14. The method of claim 9, wherein the first logical operation is an encryption function using the generated pseudo-random value as basis for a key.

15. The method of claim 9, further comprising applying a steganography scheme to the scrambled message.

16. The method of claim 9, wherein the first logical operation is an encryption function using the generated pseudo-random value as basis for a key.

17. An apparatus for unscrambling a scrambled message, the scrambled message including a message that was scrambled based at least in part on webpage data of at least one webpage retrieved, the apparatus comprising:

a processor; and

receive the scrambled message;

retrieve webpage data of the at least one webpage;

perform a hash operation on the webpage data to generate hashed webpage data;

generate at least one pseudo-random value based at least in part on the hashed webpage data;

perform a first logical operation on the at least one pseudo-random value and the scrambled message; and

recover the message from the scrambled message only if the retrieved webpage data of the at least one webpage is the same as the webpage data used to scramble the message.

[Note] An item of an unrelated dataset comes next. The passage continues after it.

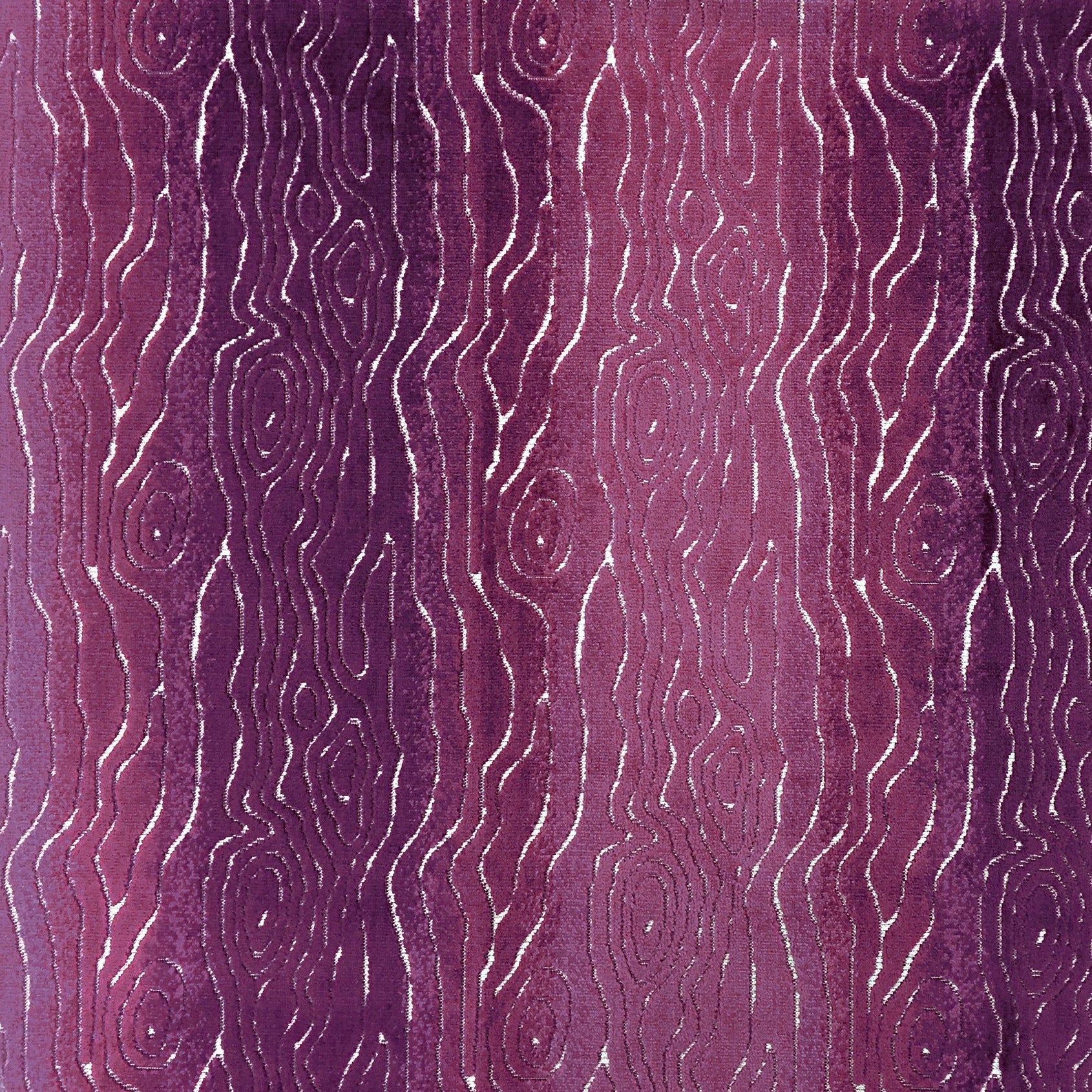 Aria - Pink, Purpule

18. The apparatus of claim 17, wherein the webpage data includes at least one of text of the webpage and HyperText Markup Language, HTML, code of the webpage, the webpage data not including advertisement data associated with the at least one webpage.

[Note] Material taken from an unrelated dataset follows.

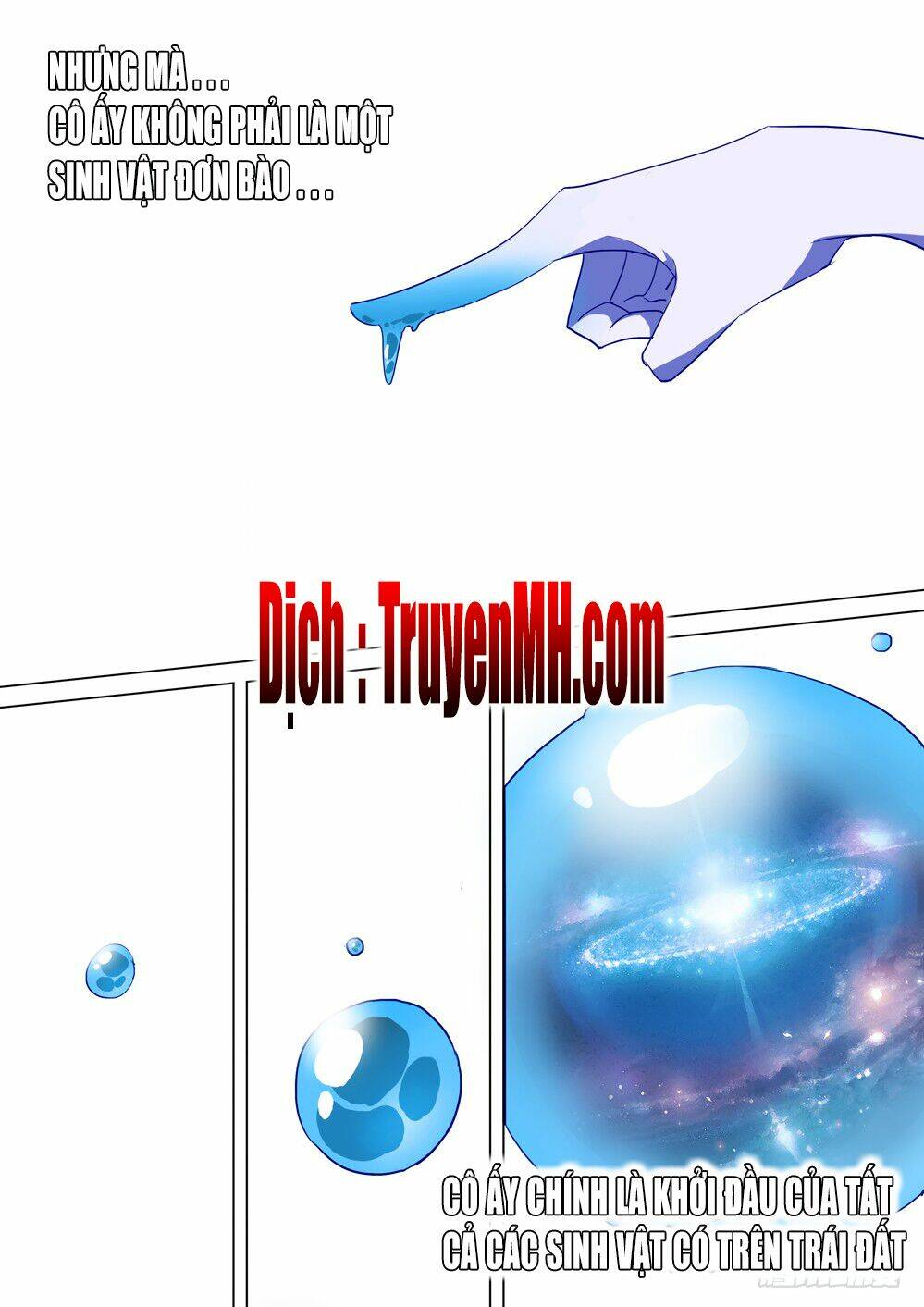 Chương 203 - Trang 8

19. The apparatus of claim 17, wherein the at least one webpage is a plurality of webpages, the hashed webpage data being generated for each corresponding webpage; and

the memory further contains instructions executable by the processor that are configured to perform a second logical operation on the hashed webpage data of the plurality of webpages, the generation of the at least one pseudo-random value being based at least in part on the output of the second logical operation.

20. The apparatus of claim 19, wherein the second logical operation is an XOR operation, the hashed webpage data being XORed with one another.

21. The apparatus of claim 20, wherein the first logical operation is a decryption function using the generated pseudo-random value as basis for a key.

22. The apparatus of claim 17, wherein the memory further contains instructions executable by the processor that are configured to apply a steganography scheme to the scrambled message.

23. An apparatus for scrambling a message, the apparatus comprising a scrambling module configured to:

retrieve webpage data of at least one webpage;

perform a hash operation on the webpage data to generate hashed webpage data;

generate a scrambled message by performing a first logical operation on the at least one pseudo-random value and the message.

24. The apparatus of claim 23, wherein the scrambling module is further configured to apply a steganography scheme to the scrambled message.

25. The apparatus of claim 23, wherein the webpage data includes at least one of text of the webpage and HyperText Markup Language, HTML, code of the webpage, the webpage data not including advertisement data associated with the at least one webpage.

26. The apparatus of claim 23, wherein the message is recoverable from the scrambled message only if the same webpage data is retrieved from the at least one webpage.

27. The apparatus of claim 23, wherein the first logical operation is an encryption function using the generated pseudo-random value as basis for a key.

28. The apparatus of claim 23, wherein the at least one webpage is a plurality of webpages, the hashed webpage data being generated for each corresponding webpage;

the memory further contains instructions executable by the processor that are configured to perform a second logical operation on the hashed webpage data of the plurality of webpages, the generation of the at least one pseudo-random value being based at least in part on an output of the second logical operation.

29. The apparatus claim 28, wherein the second logical operation is an XOR operation, the hashed webpage data being XORed with one another.

30. The apparatus of claim 29, wherein the first logical operation is an encryption function using the generated pseudo-random value as basis for a key.